── Input data

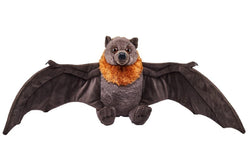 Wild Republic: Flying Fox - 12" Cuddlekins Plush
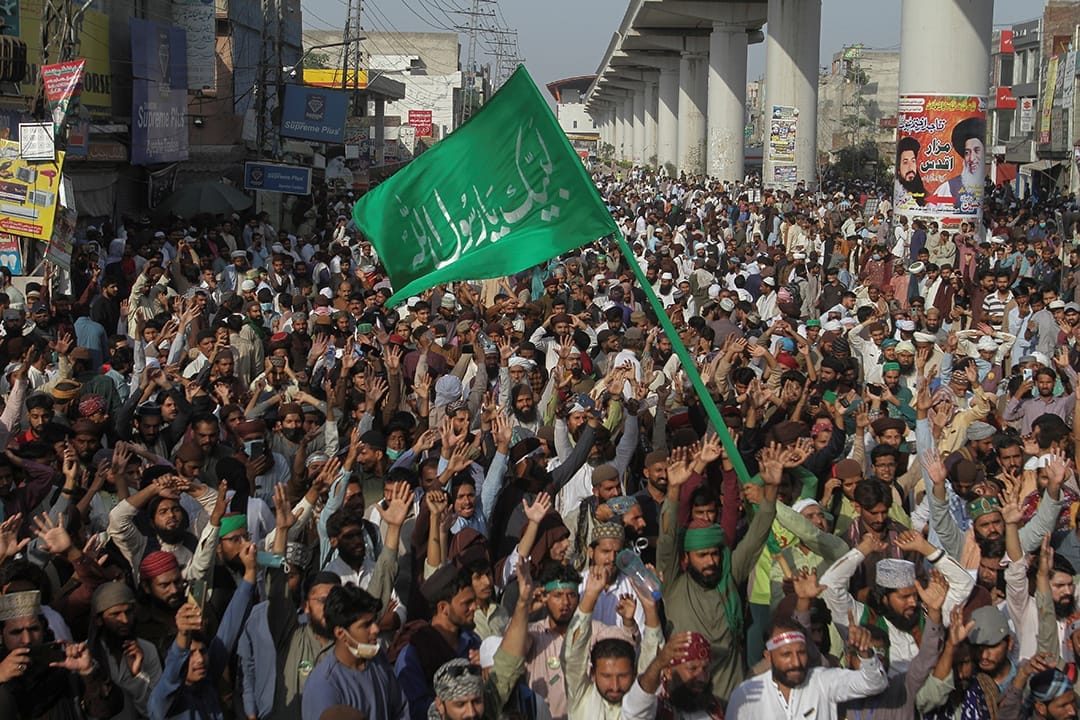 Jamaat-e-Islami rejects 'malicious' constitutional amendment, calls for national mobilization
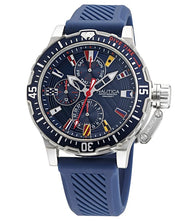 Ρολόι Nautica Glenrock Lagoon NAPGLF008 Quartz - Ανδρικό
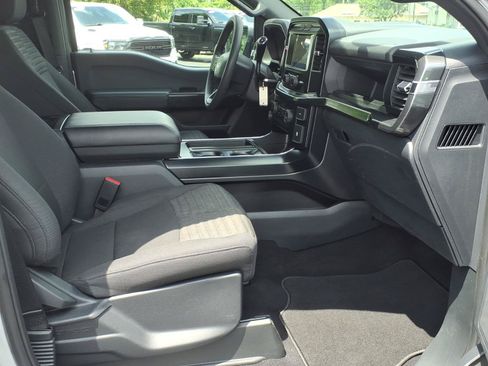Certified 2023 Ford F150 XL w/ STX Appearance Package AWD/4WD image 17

────

What needs to be done >>
If the data includes images, omit them, and set down everything else exactly as above.

Your response >>
 Wild Republic: Flying Fox - 12" Cuddlekins Plush
 Jamaat-e-Islami rejects 'malicious' constitutional amendment, calls for national mobilization
 Ρολόι Nautica Glenrock Lagoon NAPGLF008 Quartz - Ανδρικό
Certified 2023 Ford F150 XL w/ STX Appearance Package AWD/4WD image 17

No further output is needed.